In the situation where only simple measures are required in order to adapt the accommodations for renting out, the rental income can cover the investment costs relatively quickly. But efforts, such as the planning and construction for instance, of a part to rent, often entails a larger investment. At the same time, the maximum allowable rent for renting a separate part may be relatively low, in some cases. As a result, this means that it takes a long time before the rental income covers the investment cost. It is our assessment that, in some cases, the rent could be higher if the landlord could instead charge the utility value rent for the part being rented out. In turn, this means that more landlords will need to pay taxes on their rental income. Therefore, in order to stimulate the adaptation of the residence for renting out, Statskontoret proposes that rentals under the Act on Resident Landlord Letting (Lagen om uthyrning av egen bostad) be exempt from taxes for ten years if one constructs an addition for rental purposes. This makes things easier for the party renting out the premises and also results in a certain financial incentive. According to Statskontoret, the proposal is a way for the Swedish Government to stimulate and encourage the construction of additions for rental purposes. In this way, the existing stock can be better utilised, while the number of rental opportunities increases.

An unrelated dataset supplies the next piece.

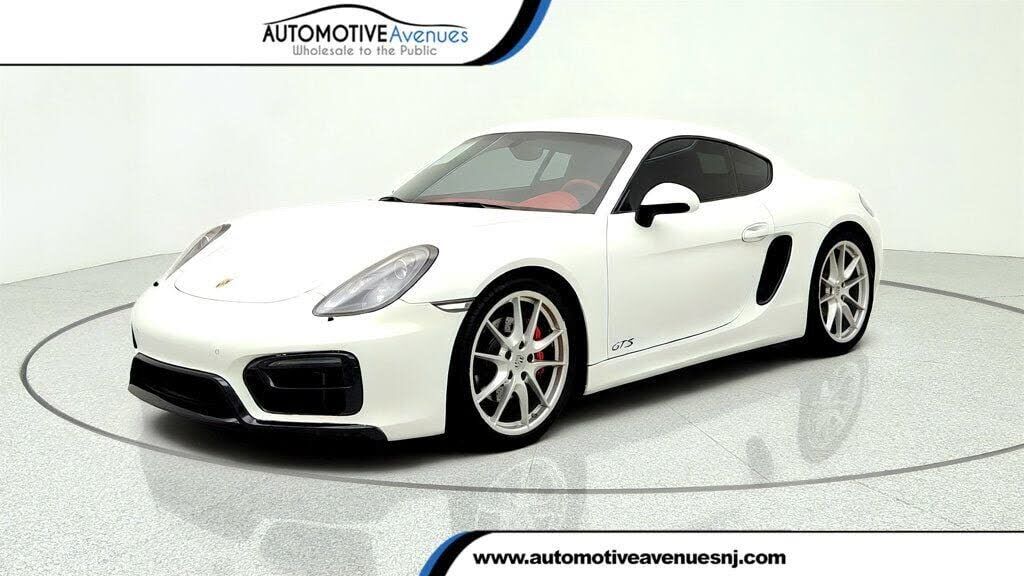 2016 PORSCHE Cayman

Statskontoret is also of the view that the Swedish Government should review the Planning and Building Act (PBL), the Planning and Building Regulation (PBF) and the National Board of Housing, Building and Planning’s Building Regulations (BBR) in order to simplify the adaptation of private residences for renting out rooms and to stimulate new construction with separate parts for rental purposes. Easily accessible information and guidance would also make it easier for those who want to adapt their homes for renting out. Therefore, Statskontoret proposes that the National Board of Housing, Building and Planning develop guidance with both legal guidance and concrete practical advice on how one might adapt their home for renting out.

In order to increase the flexibility of the housing market over the long term, Statskontoret proposes that the Swedish Government give the National Board of Housing, Building and Planning the mandate to develop and disseminate information to the municipalities concerning good examples on how they can stimulate new construction with separate parts for rental purposes, or alternatively new construction that is prepared for separate parts for rental purposes.

There are no statistics available concerning the renting out of rooms in private residences

Currently, there are no sufficiently adequate statistics concerning the market for rentals in private residences. Therefore, it is not only difficult to monitor and follow-up on the Swedish Government’s efforts, but it is also difficult for Government to assess what new measures may be needed. Therefore, it is Statskontoret’s assessment that the National Board of Housing, Building and Planning should be tasked with monitoring the developments in this market. The National Board of Housing, Building and Planning should be given this task despite the difficulties associated with producing statistics on the market for rentals in private residences. A part of the assignment should be to conduct a sample survey in order to estimate the extent of the renting out of private residences, plus to regularly conduct more in-depth studies in the field.